P12B-03
Composition, seasonal change and bathymetry of Ligeia Mare, Titan, derived from its 2.2-cm thermal emission

Monday, 14 December 2015: 10:50
2007 (Moscone West)
Alice Anne Le Gall1, Michael Malaska2, Ralph D Lorenz3, Michael A Janssen4, Tetsuya Tokano5, Alexander Hayes6, Jonathan I Lunine6, Gaelle Veyssière1, Marco Mastrogiuseppe7, Ozgur Karatekin8 and Pierre Encrenaz9, (1)LATMOS Laboratoire Atmosphères, Milieux, Observations Spatiales, Paris Cedex 05, France, (2)Jet Propulsion Laboratory, Pasadena, CA, United States, (3)Applied Physics Laboratory Johns Hopkins, Laurel, MD, United States, (4)NASA Jet Propulsion Laboratory, Pasadena, CA, United States, (5)University of Cologne, Cologne, Germany, (6)Cornell University, Department of Astronomy, Ithaca, NY, United States, (7)Sapienza University of Rome, Rome, Italy, (8)Observatoire Royal de Belgique, Brussel, Belgium, (9)Observatoire de Paris, LERMA, Paris, France
Abstract:
For the last 10 years, the Cassini RADAR has been exploring Saturn’s moon Titan, the only planetary body besides Earth whose surface presently exhibits significant accumulations of liquids in the forms of lakes and seas.
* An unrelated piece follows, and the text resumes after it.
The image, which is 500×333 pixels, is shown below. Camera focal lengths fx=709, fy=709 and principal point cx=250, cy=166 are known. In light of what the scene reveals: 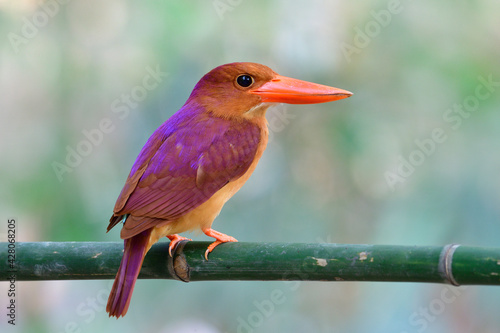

In particular, the passive Radiometer that is incorporated in this instrument has been recording the 2.2 cm-wavelength thermal emission from Titan’s three seas. Radiometry observations provide new information beyond the active radar reflection data. In this paper, we analyze the radiometry observations collected from Feb. 2007 to July 2013 over one of these seas, Ligeia Mare, with the goal of providing constrains on its liquid composition, seafloor nature, bathymetry, and dynamics. In light of the two-layer model we have developed for this analysis, we find that the dielectric constant of the sea liquid is most likely smaller than 1.8, suggesting that the composition of Ligeia Mare is dominated by liquid methane rather than liquid ethane (although a ternary methane-ethane-nitrogen mixture cannot be ruled out). This result is further supported by the value we infer for the liquid loss tangent of 3-5×10-5. This value is in agreement with the one first published by Mastrogiuseppe et al. (2014) based on active radar observation. A high methane concentration suggests that Ligeia Mare is either a sea from which ethane has been removed by crustal interaction, or a sea primarely fed by methane-rich precipitation, or both. For the seafloor, a dielectric constant of 2.6-2.9±0.9 is determined. Though this result is not very constraining, we favor a scenario where the floor of Ligeia Mare is covered by a sludge of compacted and possibly nitrile-rich organic material formed by the deposition of photochemical haze or by rain-washing of the nearby shores. These results are then used to convert the radiometry mosaic of Ligeia Mare into a qualitative low-resolution bathymetry map. Lastly, we establish limits on the physical temperature variation of the sea between Feb. 2007 to July 2013, namely less than 2 K, providing a constraint on the relative amounts of solar heating and evaporative cooling currently being explored in ocean circulation models.